I am trying to use BSgenome::forgeBSgenomeDataPkg
to build a genome for this genome, which has over 7000 unplaced contigs and scaffolds. This means that the seqnames:
line in the BSgenome seed file must be very very long (136762 characters), and I seem to be running into some line length limitation in R that causes this line to be truncated. However, it seems the the Debian control file format requires each field to be on one line, so I can't break up this long line [Edit: I broke up the line as suggested by Dan but it just gave a different error]. So it seems I can't forge a BSgenome package for this genome, and I suspect I will run into the same problem trying to build a TxDb as well. It looks like the problematic code is in copySubstitute
or a function called by it. I tried to make a test case, but I keep running into line length limitations and can't get an example that actually parses. I'm not sure where to go from here. Can anyone offer some help?

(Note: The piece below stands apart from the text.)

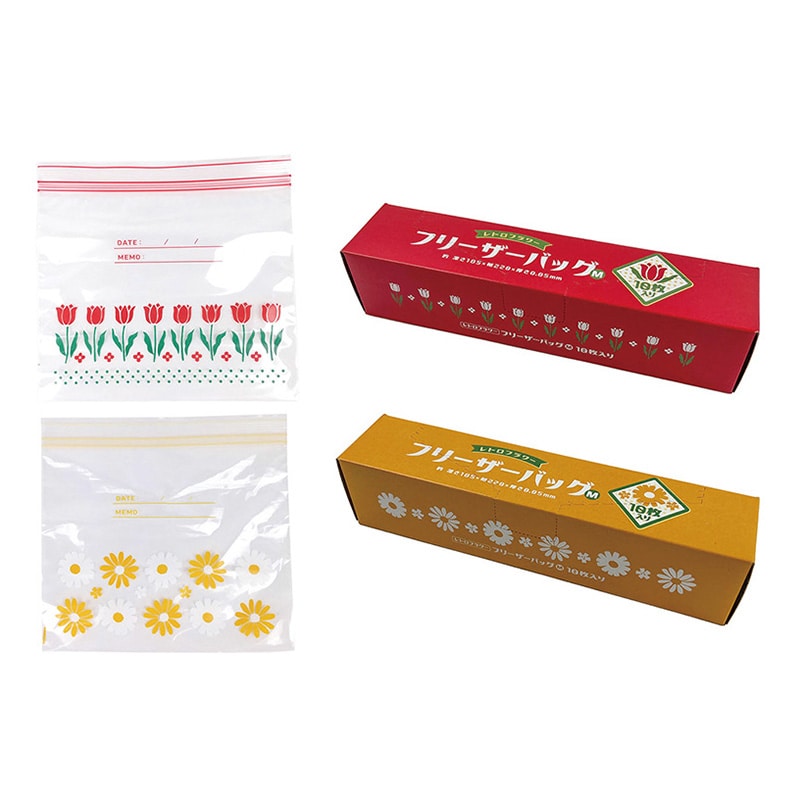 アミファ フリーザーバッグ M 10枚入 レトロフラワー 1束(ご注文単位150束)【直送品】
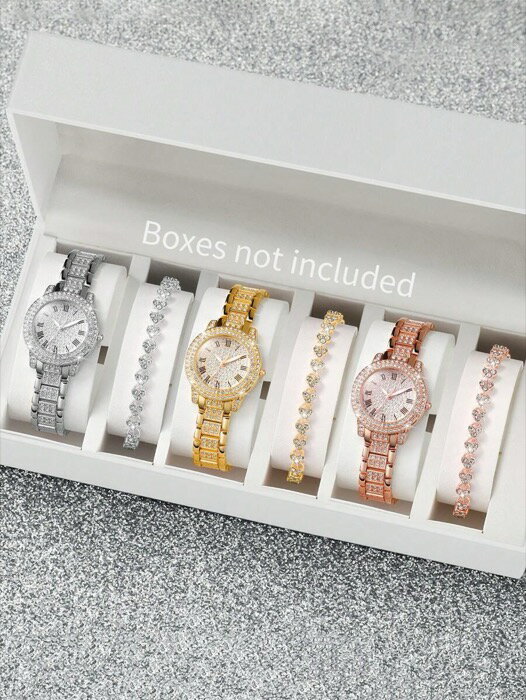 [ 8日から12日程度でお届け予定 ] 腕時計 レディース セット 女性用スチールストラップ ファッショナブル カジュアル フルクリスタル ローマンダイヤル クォーツ腕時計 + フルクリスタル ハート型ブレスレット (6個/セット)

Here is the seed file I'm using. I've also added a log of the error that I get when trying to forge it.
EDIT: I have tried again using a 2bit file as suggested. Unfortunately, this simply causes an immediate error. I've updated the gist above with the latest content and error text.
I know that in DCF files you can break up long lines as long as continuation lines start with whitespace. But I don't know whether this helps you, and can't offer anything about this specific issue.
I tried that, and it got farther than before, but I got a new error, which I will add to the gist shortly.